SUMMARY OF THE INVENTION

[0023] In one aspect of the present invention, the processing of unstructured documents to form a structured dimension suitable for on-line analytical processing is accomplished by first selecting a subcollection of documents of common interest, computing comparable document representations for all unstructured documents in the subcollection, organizing documents according to these representations in a hierarchical manner, and updating a data structure for on-line analytical processing of the hierarchically arranged documents. The document representations are formed by examining features of interest in the unstructured documents and then computing a representation based on these features.
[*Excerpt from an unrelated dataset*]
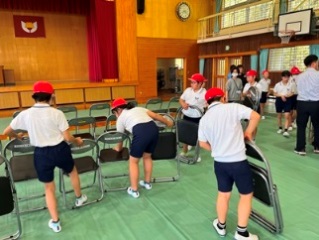 縁の下の力持ち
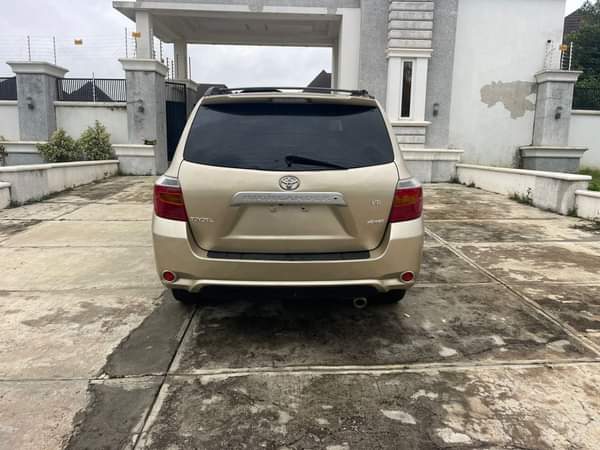A picture of TOYOTA HIGHLANDER 2008 MODEL KEYLESS IGNITION GOING FOR 10 3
While a number of different meaningful representations of the documents may be used, one form of representation would be document vectors that characterize the documents. By organizing the documents in hierarchical clusters based on document vectors, it is then possible to use some of the OLAP analysis tools such as roll-up, drill-down, and other conventional on-line analytical processing tools that are usually only available to structured data. The process described for creating a single dimension can be repeated indefinitely to provide multiple dimensions for multi-dimensional analysis. In a second aspect of this invention, measures for unstructured documents are computed by examining numerous features associated with the measures and quantifying the importance and degree of those features in each document, thereby transforming unstructured documents into quantities that can be manipulated by standard OLAP operators.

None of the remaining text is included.